Out of curiosity, is that something you ever want/hope to achieve in PostgreSQL? Many high-performance systems use this model, but switching a synchronous system in plain C to it sounds uncomfortably exciting, both in terms of the transition itself and the additional complexity of maintaining the result. To me it seems like a much riskier change than the process->thread one discussed here that Tom Lane already stated will be a disaster.

> We/I have done the work to issue multiple IOs at a time as part of the patchset introducing AIO support (with among others, an io_uring backend). There's definitely more to do, particularly around index scans, but ...

Nice.

Is the benefit you're getting simply from adding IO parallelism where there was none, or is there also a CPU reduction?

Is having a large number of rings (as when supporting a large number of incoming connections) practical? I'm thinking of each ring being a significant reserved block of RAM, but maybe in this scenario that's not really true. A smallish ring for a smallish number of IOs for the query is enough.

Speaking of large number of incoming connections, would/could the process->thread change be a step toward having a thread per active query rather than per (potentially idle) connection? To me it seems like it could be: all the idle ones could just be watched over by one thread and queries dispatched. That'd be a nice operational improvement if it meant folks no longer needed a pooler [1] to get decent performance. All else being equal, fewer moving parts is more pleasant...

[1] or even if they only needed one layer of pooler instead of two, as I read some people have!

anarazel · on June 20, 2023

> > Of course it's even better to not block at all...

> Out of curiosity, is that something you ever want/hope to achieve in PostgreSQL? Many high-performance systems use this model, but switching a synchronous system in plain C to it sounds uncomfortably exciting, both in terms of the delta and the additional complexity of maintaining the result. To me it seems like a much riskier change than the process->thread one discussed here that Tom Lane already stated will be a disaster.

Depends on how you define it. In a lot of scenarios you can avoid blocking by scheduling IO in a smart way - and I think we can quite far towards that for a lot of workloads and the wins are substantial. But that obviously cannot alone guarantee that you never block.

I think we can get quite far avoiding blocking, but I don't think we're going to a complete asynchronous model in the foreseeable future. But it seems more feasible to incrementally make common blocking locations support asynchronicity. E.g. when a query scans multiple partitions, switch to processing a different partition while waiting for IO.

> Is having a large number of rings (as when supporting a large number of incoming connections) practical? I'm thinking of each ring being a significant reserved block of RAM, but maybe in this scenario that's not really true. A smallish ring for a smallish number of IOs for the query is enough.
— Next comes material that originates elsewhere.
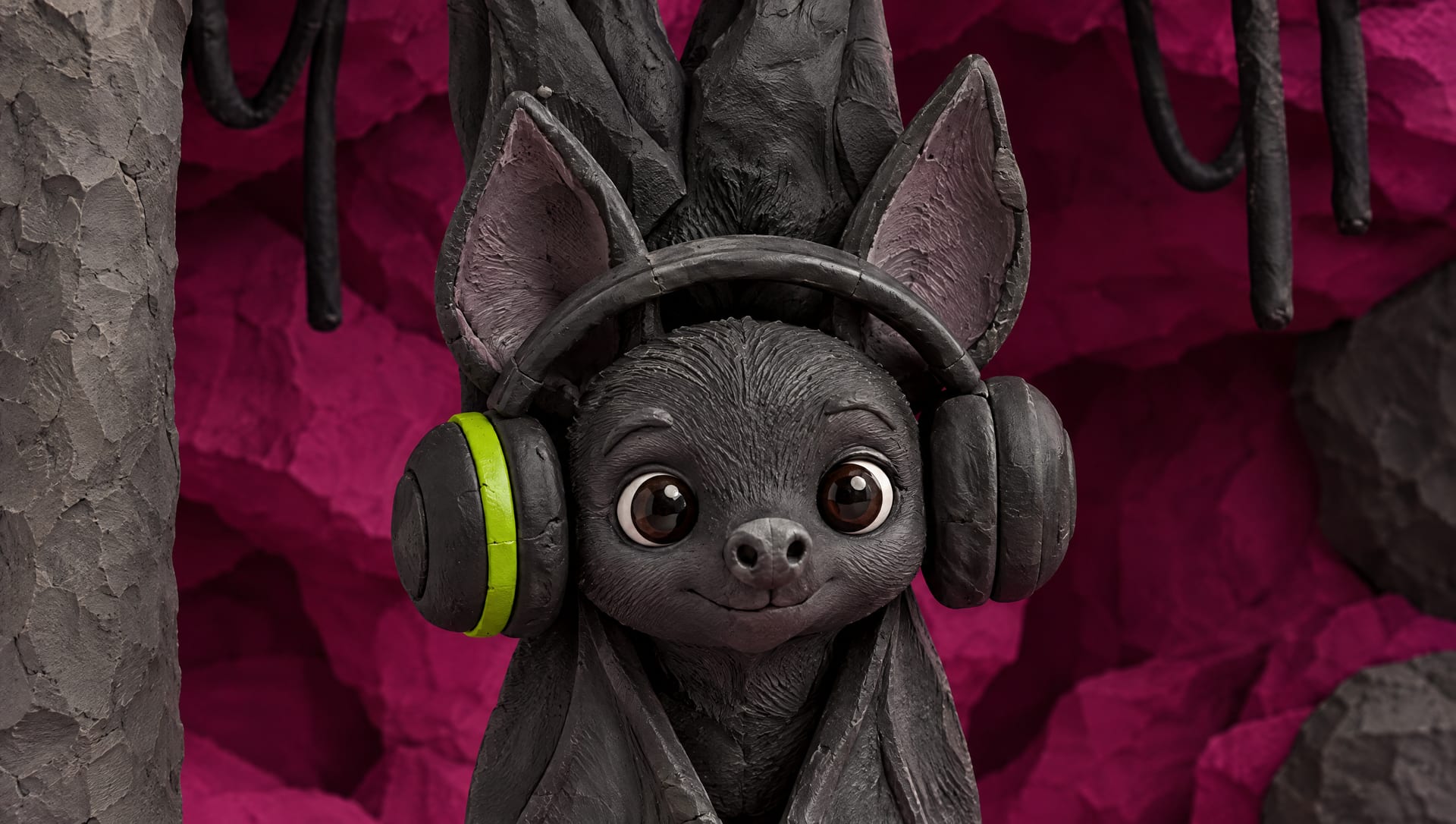 Close on the bat's ears and its headphones with a lime ring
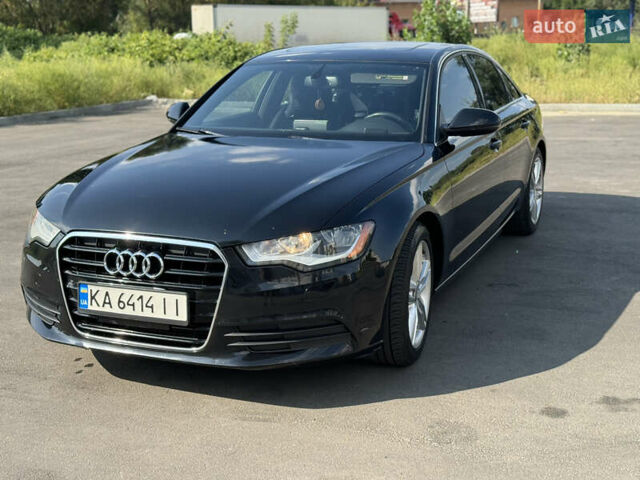 Черный Ауди А6, объемом двигателя 1.98 л и пробегом 235 тыс. км за 12500 $, фото 1 на Automoto.ua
It depends on the kernel version etc. The amount of memory isn't huge but initially it was affected by RLIMIT_MEMLOCK... That's one reason why the AIO patchset has a smaller number of io_uring "instances" than the allowed connections. The other reason is that we need to be able to complete IOs that other backends started (otherwise there would be deadlocks), which in turn requires having the file descriptor for each ring available in all processes... Which wouldn't be fun with a high max_connections.

> Speaking of large number of incoming connections, would/could the process->thread be a step toward having a thread per active query rather than per (potentially idle) connection?

Yes. Moving to threads really mainly would be to make subsequent improvements more realistic...

> That'd be a nice operational improvement if it meant folks no longer needed a pooler [1] to get decent performance. All else being equal, fewer moving parts is more pleasant...

You'd likely often still want a pooler on the "application server" side, to avoid TCP / SSL connection establishment overhead. But that can be a quite simple implementation.